脳内百景

3ピースロックバンド"The Highways"のギターボーカル、徳永の脳内。

ノスタルジーの正体は?

早すぎる夏が到来した、と言って異論を唱える人はいないだろう。梅雨入りも発表され、季節は次から次へと移り変わっていく。

 

最近刑事物語という映画を観た。武田鉄矢主演で1982年に公開された。5まであるシリーズものだが、今回は1だけ視聴。感想を述べようと思えば様々あるのだが、今回はこれが主題ではないので詳しい感想はまたいつか。

僕が今回話したい事はノスタルジーについてだ。

 

僕は変な話かもしれないが、人間の飾り気のない地に足のついた生活というのが好きだ。例えSF作品でも実写でもアニメでもその世界に住む人間(生き物)の生活が丁寧に描写されており、それが丁寧なだけでなく、存在しているリアルが感じられる場合、その作品に対してはかなり好感をもつ。

刑事物語は嘘じゃないものが存在する(単に現実的という意味ではない)魅力があり、観ていて暖かく、切ない気持ちにもなった。

特に昔ながらの日本、というより昭和の日本というべきか、その風景や人物の描かれ方は素敵だった。

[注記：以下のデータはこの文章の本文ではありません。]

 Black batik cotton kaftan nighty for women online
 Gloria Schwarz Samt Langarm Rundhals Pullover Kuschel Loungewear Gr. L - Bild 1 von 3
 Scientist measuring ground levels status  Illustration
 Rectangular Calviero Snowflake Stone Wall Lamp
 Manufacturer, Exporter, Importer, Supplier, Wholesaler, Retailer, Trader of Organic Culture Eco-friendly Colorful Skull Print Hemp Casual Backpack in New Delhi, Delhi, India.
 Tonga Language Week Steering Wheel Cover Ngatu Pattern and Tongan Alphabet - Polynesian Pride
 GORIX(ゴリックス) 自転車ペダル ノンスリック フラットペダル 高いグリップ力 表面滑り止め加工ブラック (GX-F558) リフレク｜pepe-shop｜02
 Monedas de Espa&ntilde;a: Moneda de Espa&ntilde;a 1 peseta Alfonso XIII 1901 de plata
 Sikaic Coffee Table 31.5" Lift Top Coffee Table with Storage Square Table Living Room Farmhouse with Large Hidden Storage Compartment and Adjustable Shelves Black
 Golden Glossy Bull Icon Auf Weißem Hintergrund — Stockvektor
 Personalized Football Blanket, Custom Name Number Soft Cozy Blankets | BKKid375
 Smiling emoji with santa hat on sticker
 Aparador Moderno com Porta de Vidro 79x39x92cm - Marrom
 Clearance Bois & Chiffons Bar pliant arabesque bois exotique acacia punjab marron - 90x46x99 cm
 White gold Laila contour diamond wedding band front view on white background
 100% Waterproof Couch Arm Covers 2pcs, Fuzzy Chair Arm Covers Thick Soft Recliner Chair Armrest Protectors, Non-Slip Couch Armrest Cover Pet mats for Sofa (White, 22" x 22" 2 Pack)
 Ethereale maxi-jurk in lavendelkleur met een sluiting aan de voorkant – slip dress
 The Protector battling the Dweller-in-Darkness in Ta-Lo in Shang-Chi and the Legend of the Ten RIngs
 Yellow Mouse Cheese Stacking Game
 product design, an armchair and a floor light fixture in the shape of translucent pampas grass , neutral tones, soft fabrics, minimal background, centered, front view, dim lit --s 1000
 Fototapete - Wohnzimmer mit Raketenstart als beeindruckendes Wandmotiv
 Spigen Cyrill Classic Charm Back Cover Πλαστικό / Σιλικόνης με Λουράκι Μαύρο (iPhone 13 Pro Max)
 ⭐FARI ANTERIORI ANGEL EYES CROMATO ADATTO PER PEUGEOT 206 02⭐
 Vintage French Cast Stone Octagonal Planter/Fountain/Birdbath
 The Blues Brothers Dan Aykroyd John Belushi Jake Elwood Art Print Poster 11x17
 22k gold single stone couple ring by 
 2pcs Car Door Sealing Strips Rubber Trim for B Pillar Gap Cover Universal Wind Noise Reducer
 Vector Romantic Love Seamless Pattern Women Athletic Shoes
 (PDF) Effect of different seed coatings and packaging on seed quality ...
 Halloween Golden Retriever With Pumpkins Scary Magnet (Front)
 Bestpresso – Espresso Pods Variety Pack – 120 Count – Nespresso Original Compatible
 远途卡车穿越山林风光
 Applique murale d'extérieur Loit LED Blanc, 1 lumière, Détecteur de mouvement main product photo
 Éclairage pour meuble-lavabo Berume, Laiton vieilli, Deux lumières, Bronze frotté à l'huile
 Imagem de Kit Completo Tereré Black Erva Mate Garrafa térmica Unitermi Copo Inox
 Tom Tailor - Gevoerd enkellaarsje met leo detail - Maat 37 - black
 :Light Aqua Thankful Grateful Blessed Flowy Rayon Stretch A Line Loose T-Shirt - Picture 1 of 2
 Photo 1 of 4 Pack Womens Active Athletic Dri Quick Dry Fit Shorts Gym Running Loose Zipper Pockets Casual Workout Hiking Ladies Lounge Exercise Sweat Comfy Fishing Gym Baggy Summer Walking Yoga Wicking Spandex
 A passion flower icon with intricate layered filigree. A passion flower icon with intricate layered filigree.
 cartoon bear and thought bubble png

しかしここで不思議な感情が湧き上がった事を説明せねばならない。僕はその映像を観て、ノスタルジーのようなのものを感じたのだ。

僕は平成生まれだ。昭和を体験していないのになぜノスタルジーを感じるのだろう。

 

一つの可能性は自分が子供の頃からテレビや雑誌などで上記のような風景が、元から「懐かしいもの」として紹介されていたから、というものである。

つまり、自分が子供の頃に実体験したこと(誰かと遊んだこと、出かけたこと)を思い出す懐かしさではなく、懐かしいものとして紹介されていた昭和を子供の頃から見てきたから、大人になった今その映像自体が懐かしいものとして記憶されているからではないか、というものだ。

なんだか非常に面倒な文章だ。書いている自分も嫌になってくる。

しかし一つ言えることは昭和が急になくなったわけではないということだ。つまり自分が非常に小さい頃はまだまだ昭和の風景が残っていたはずである。特に都会ほど時の流れが早くない田舎で幼少期を過ごした僕にとって、おかしなことではない気もする。

 

 ただノスタルジーという感情には面白い側面がある。自分が幼少期に体験したことない出来事や、風景にもこの感情を抱くことがあるところだ。

まだ日本ならわかるが、海外の風景に対してノスタルジーに似た感情を抱くことだってある。これは一体どういうことなのだろう。

僕がこの事柄を考える時いつも浮かんでくるのはお祭り(特に所謂夏祭り)だ。

夏祭りに行くと非常に強くノスタルジーを感じる。これは幼少期から思い出が積み重なっている僕にとっては当たり前のことだ。しかしふと思うことは、海外から来た方はどんな気持ちになるのだろう、ということだ。これは予感なのだが、海外の方もノスタルジーに似た感情を抱くような気がする。

もちろん説明すれば色々できそうだ。海外にも似たようにお祭りがあるからとか。しかし果たしてそれは本当に実体験の記憶から生まれた感情なのだろうか?

 

シンクロニシティなんて言葉があったりする。この考え方は非常に面白いが、僕は根拠のないことを盲信するのは嫌いだし、あまりに不明瞭なことが多すぎる。だから不思議な、答えのない感情としてノスタルジーを処理することとする。

 たまには昔を懐かしむこともいいものだと思う。戻らない時間について考えることで、今この瞬間の大事さに気が付いたりするもんだ。

 

 

面倒な、答えのない文章に付き合っていただいた方々、ありがとう。夏祭りに一緒に行ってビールとイカ焼きを奢ってあげたいくらいだよ。